Income that is not subject to withholding -- such as earnings from self-employment, interest, dividends, rents, alimony, etc. -- is still taxable income. In order to avoid an underpayment penalty, you must pay estimated tax if both of the following apply.
* You expect to owe at least $1,000 in tax for 2013, after subtracting your withholding and refundable credits, and
* You expect your withholding and refundable credits to be less than the smaller of:
a) 90 percent of the tax to be shown on your 2013 tax return, or
b) 100 percent of the taxes shown on your 2012 tax return.
Estimated tax payments for 2013 are due on April 15, June 17, Sept. 16 and Jan. 15. These dates differ from payroll taxes due dates and sometimes confuse taxpayers.

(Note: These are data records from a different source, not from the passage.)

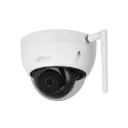 Dahua 4MP WiFi IR Dome Camera IP67 IK10 SMD (Human)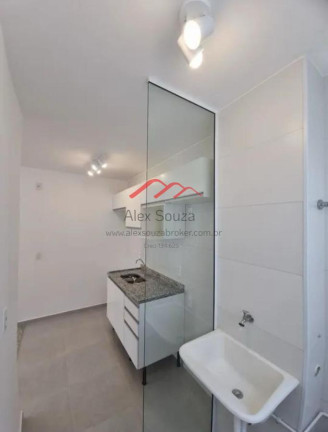 Imagem Apartamento com 2 Quartos à Venda, 52 m² em Jardim São Bento - Hortolândia Imagem Apartamento com 2 Quartos à Venda, 52 m² em Jardim São Bento - Hortolândia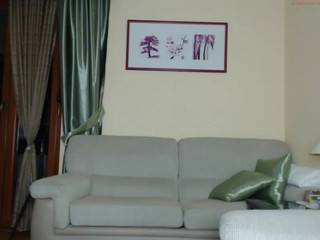 sexyhotwifeporn  13 August 2018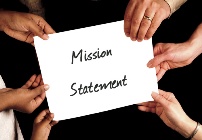 KJ Tax Mission Statement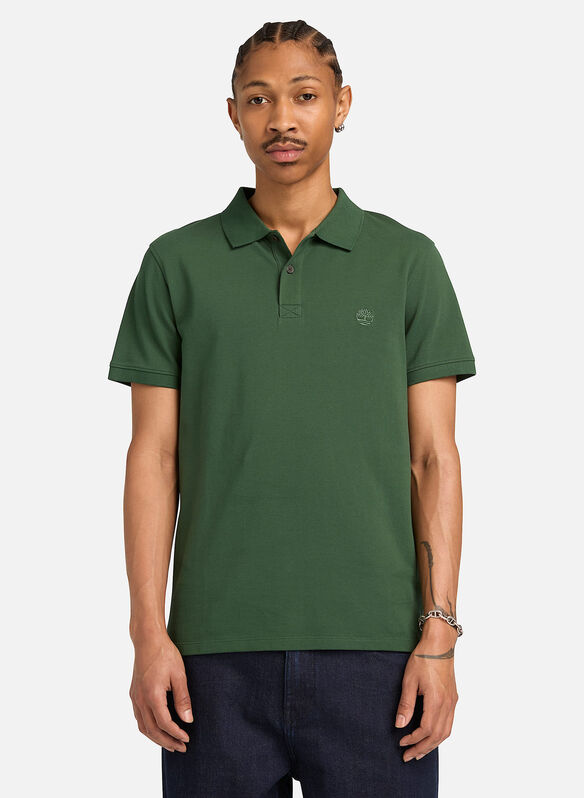 null, - PINE, medium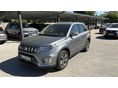 SUZUKI VITARA 2024/8 - 1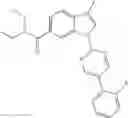Fig. 131 - 2,5-substituted pyrimidines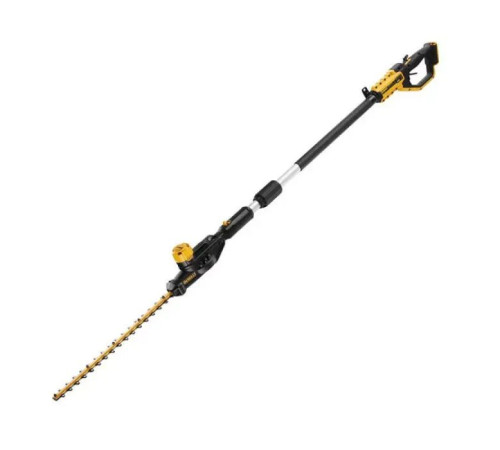 Кущоріз DeWALT DCMPH566P1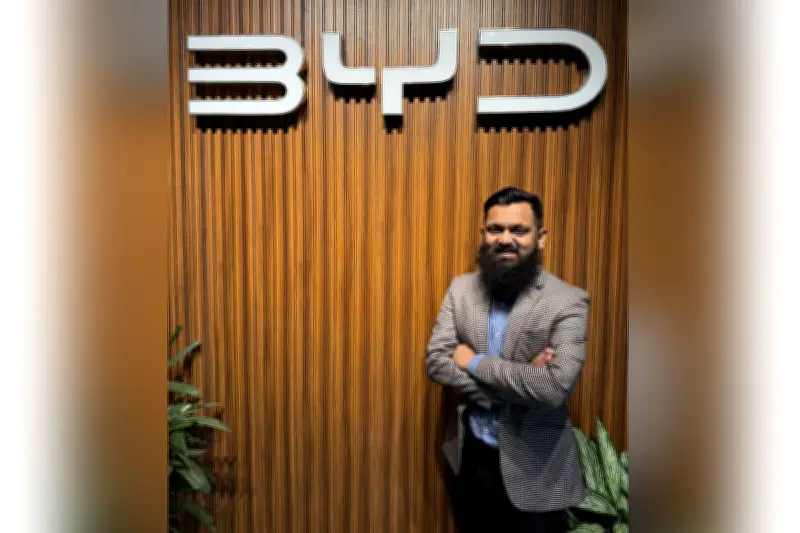 বাংলাদেশে বিওয়াইডির যাত্রা: চ্যালেঞ্জ মোকাবিলা করে কীভাবে শীর্ষে পৌঁছাতে চায়?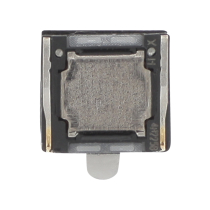 Earspeaker Motorola G04s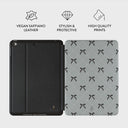Coquette - iPad Mini 7.9 (5th Gen) Case 2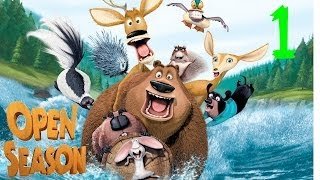 Share this:Open Season Trailer More from my siteDespicable Me 3 movie trailersAngry Birds Movie 2 – TrailerMy Little Pony Movie TrailerCoco Movie TrailersSpiderman Homecoming Movie TrailersSmurfs: The Lost Village Movie […]
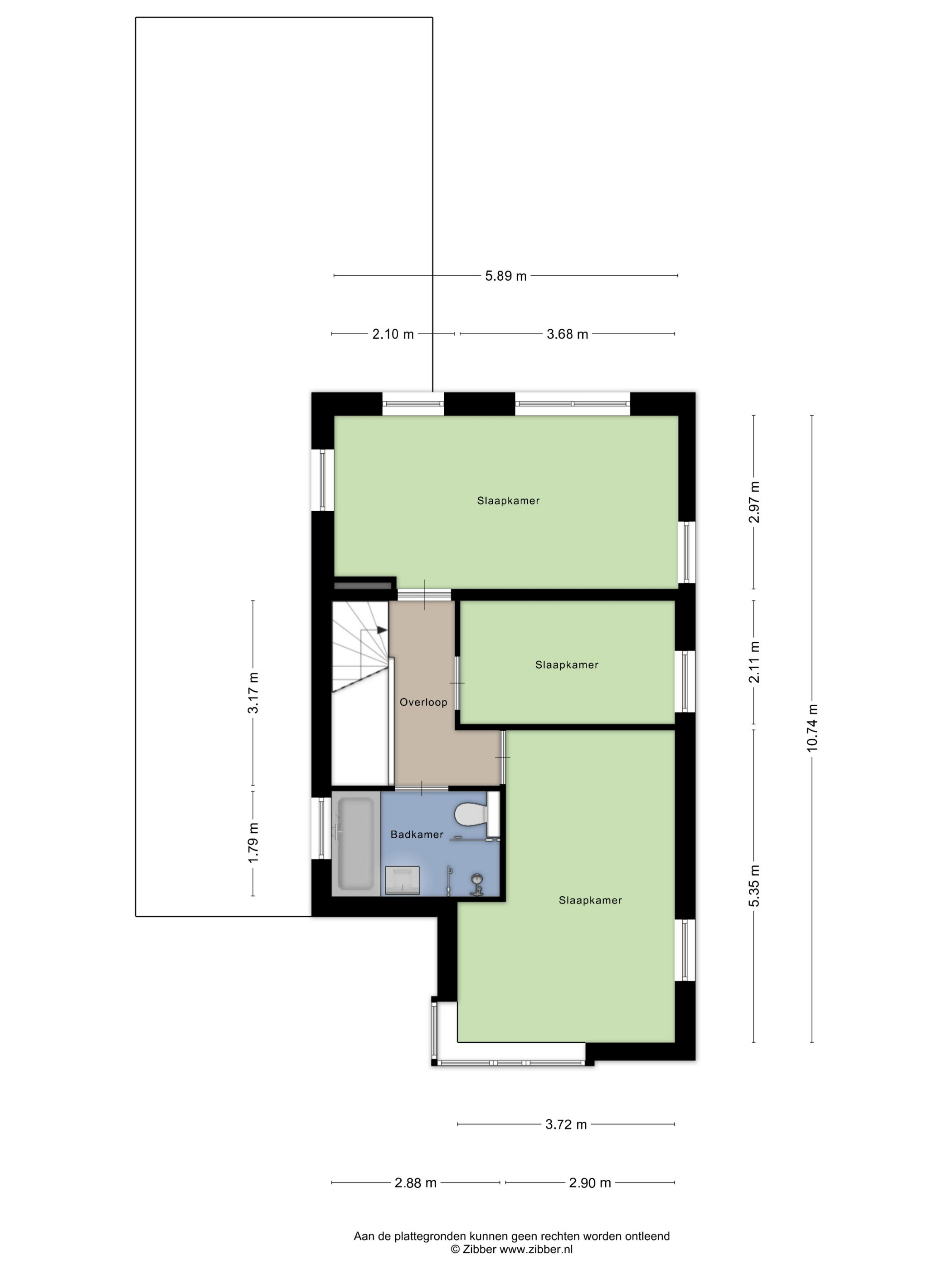 Map 2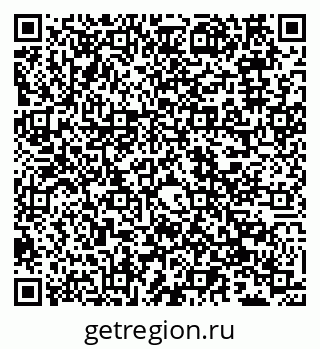 79066557828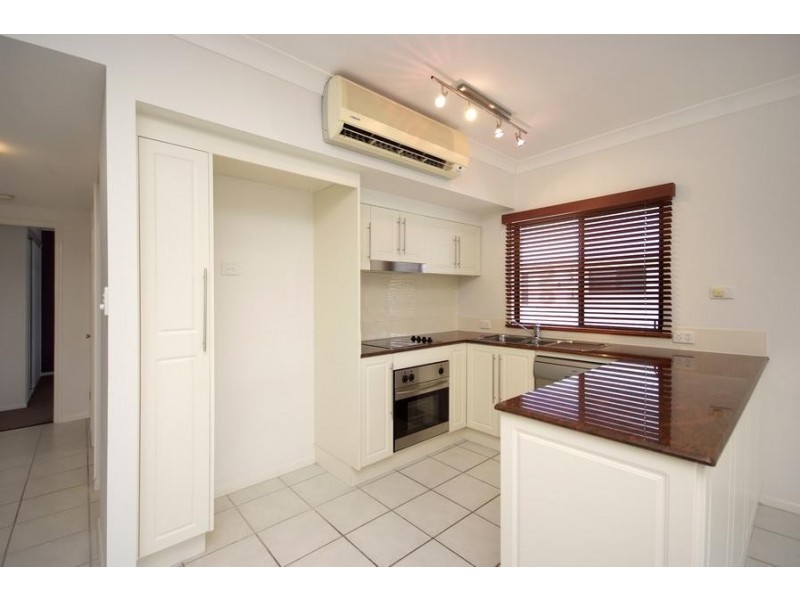 Unit 15/293 Esplanade Esplanade, North Cairns QLD 4870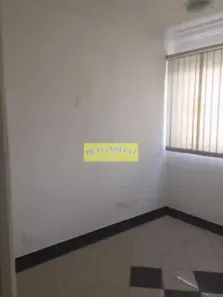 à venda, 41m² no Vila Boaventura, Jundiaí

The Internal Revenue Service expects you to pay the estimated taxes in equal payments throughout the year. However, if you receive your income unevenly throughout the year (for example, you are a self-employed seasonal business or have a large capital gain late in the year), you may be able to lower or eliminate your required estimated tax payments by using the annualized income method.

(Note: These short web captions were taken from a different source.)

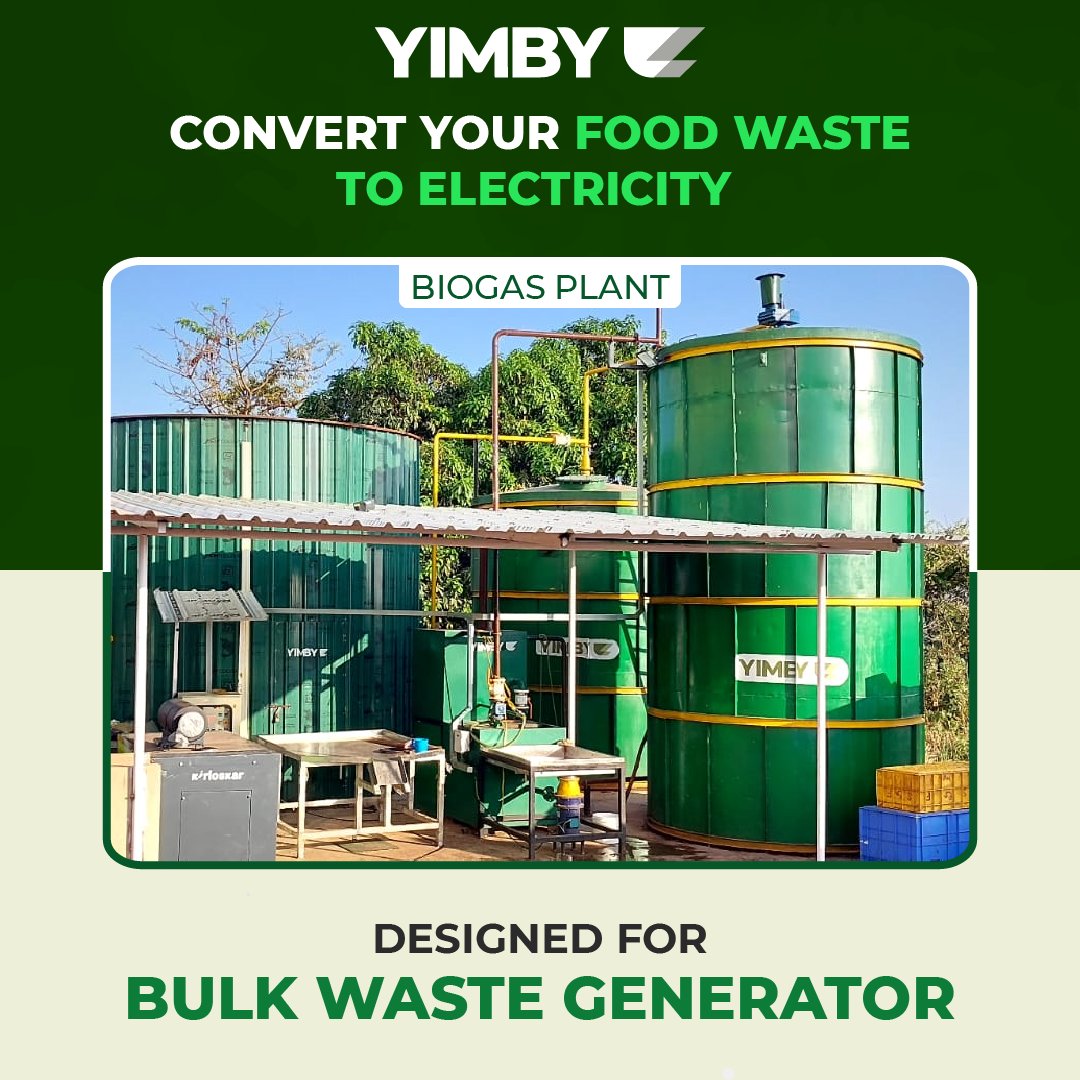 YIMBYIndia tweet media
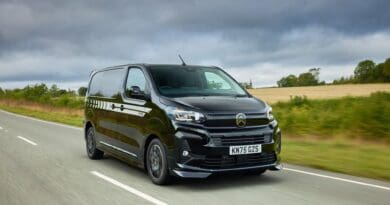 Citroen-e-Dispatch-VTR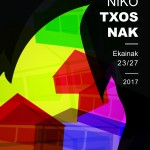 Badatoz Hernaniko San Joanak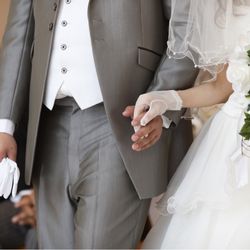 アートグレイス・ウエディングコースト 大阪の写真26枚目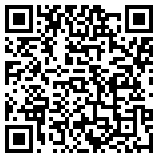 QR Code for Earl M Addick DDS in Finksburg, MD 21048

Estimated tax payments can be made in several ways. You can pay online at www.irs.gov/Payments/Make-a-Payment. You can pay by phone with a direct transfer from your bank account or credit/debit card by calling 800-555-4477.

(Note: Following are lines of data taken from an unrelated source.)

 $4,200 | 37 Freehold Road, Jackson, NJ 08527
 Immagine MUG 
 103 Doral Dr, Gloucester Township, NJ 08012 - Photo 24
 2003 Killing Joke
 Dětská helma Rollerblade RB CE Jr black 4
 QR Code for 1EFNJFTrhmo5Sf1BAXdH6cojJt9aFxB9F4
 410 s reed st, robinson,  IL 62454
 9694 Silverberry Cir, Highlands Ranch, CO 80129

Utah residents may also mail payments to: Internal Revenue Service, P.O. Box 510000, San Francisco, CA 94151-5100.
If you mail your payment, you must include the Estimated Tax coupon. Be sure your name, address and Social Security number appear on the coupon, and put 2013 Form 1040ES and your Social Security number on the memo line.
Checks or money orders should be made out to the United States Treasury. Never send cash.
For more information or the mailing address for states other than Utah regarding Estimated Tax payments, visit www.irs.gov/pub/irs-pdf/f1040es.pdf.
IMPORTANT NOTICE: On Oct. 31, the IRS issued another scam alert:
"Victims are told they owe money to the IRS, and it must be paid promptly through a pre-loaded debit card or wire transfer. If the victim refuses to cooperate, they are then threatened with arrest, deportation or suspension of a business or driver's license. In many cases, the caller becomes hostile and insulting.
"This scam has hit taxpayers in nearly every state in the country. We want to educate taxpayers so they can help protect themselves. Rest assured, we do not and will not ask for credit card numbers over the phone, nor request a pre-paid debit card or wire transfer," says IRS Acting Commissioner Danny Werfel.
"If someone unexpectedly calls claiming to be from the IRS and threatens police arrest, deportation or license revocation if you don't pay immediately, that is a sign that it really isn't the IRS calling."
Werfel noted that the first IRS contact with taxpayers on a tax issue is likely to occur via mail.